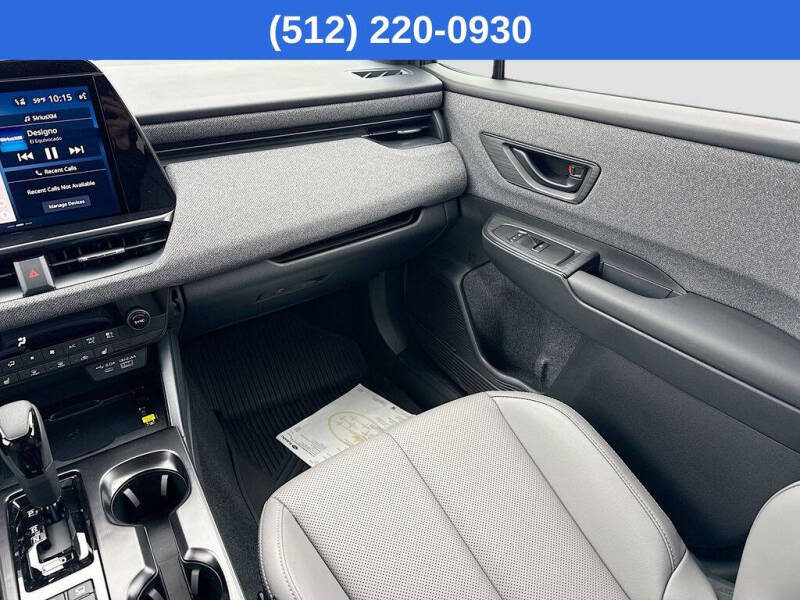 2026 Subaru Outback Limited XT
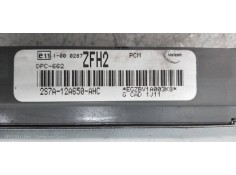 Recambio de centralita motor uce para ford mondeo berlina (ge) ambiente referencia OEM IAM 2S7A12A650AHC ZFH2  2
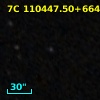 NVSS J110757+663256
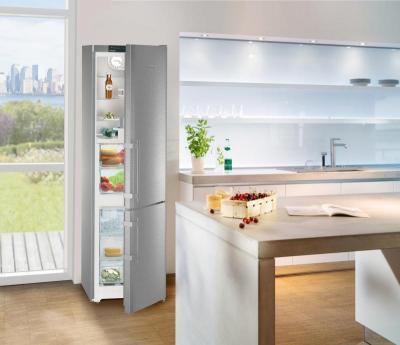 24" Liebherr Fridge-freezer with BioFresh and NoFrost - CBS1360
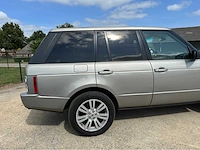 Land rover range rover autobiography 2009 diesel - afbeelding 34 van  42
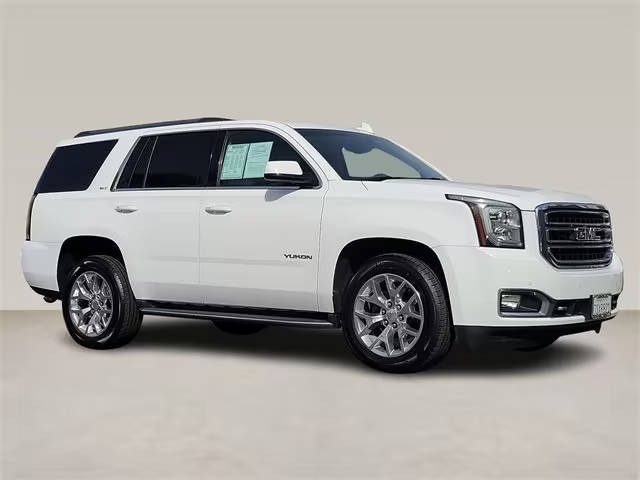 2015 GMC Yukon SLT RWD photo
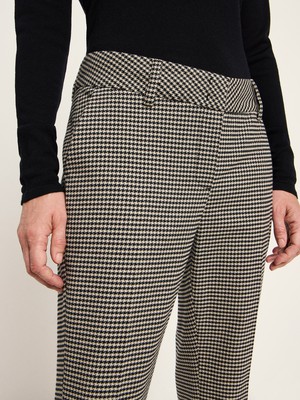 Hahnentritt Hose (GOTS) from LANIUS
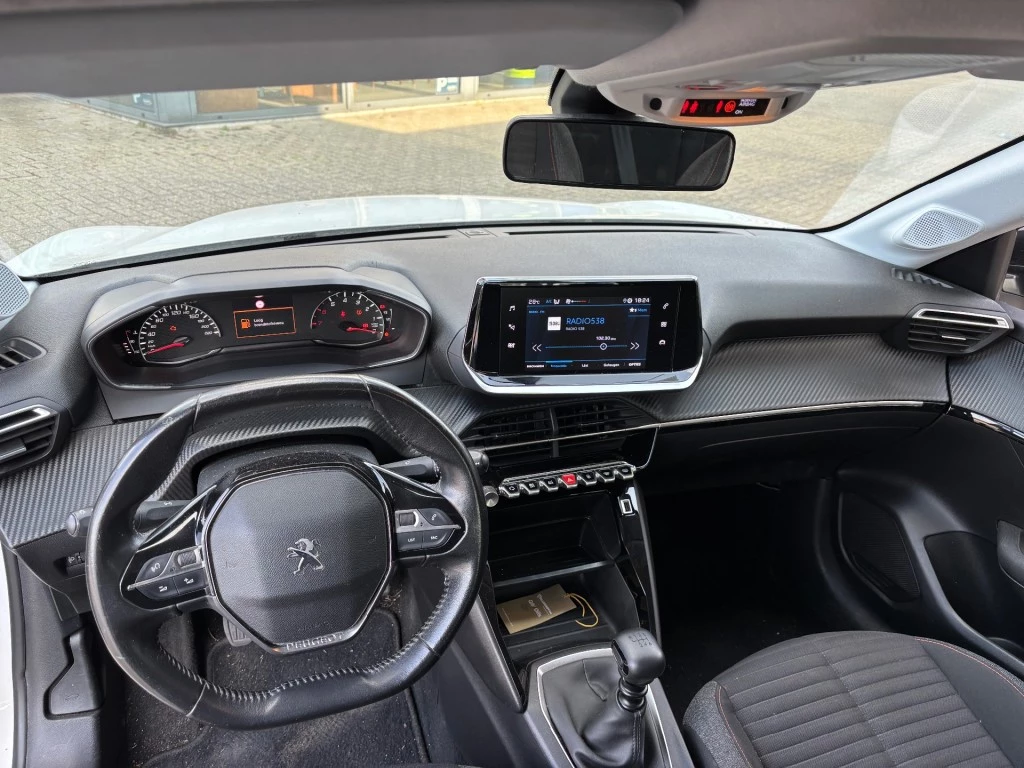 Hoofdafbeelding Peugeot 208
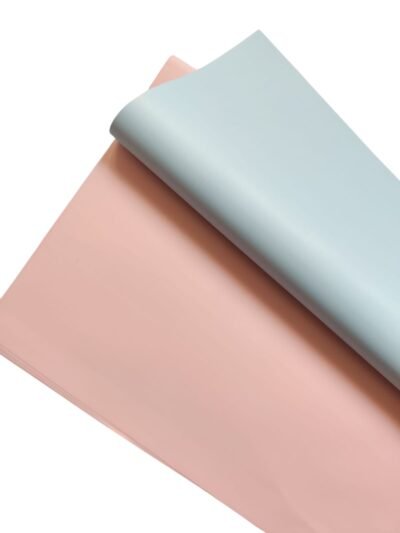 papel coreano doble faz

§ What is required:
Could you write out every line above exactly as it stands, with no images?

§ Task output:
 2026 Subaru Outback Limited XT
 Recambio de centralita motor uce para ford mondeo berlina (ge) ambiente referencia OEM IAM 2S7A12A650AHC ZFH2  2
 NVSS J110757+663256
 24" Liebherr Fridge-freezer with BioFresh and NoFrost - CBS1360
 Land rover range rover autobiography 2009 diesel - afbeelding 34 van  42
 2015 GMC Yukon SLT RWD photo
 Hahnentritt Hose (GOTS) from LANIUS
 Hoofdafbeelding Peugeot 208
 papel coreano doble faz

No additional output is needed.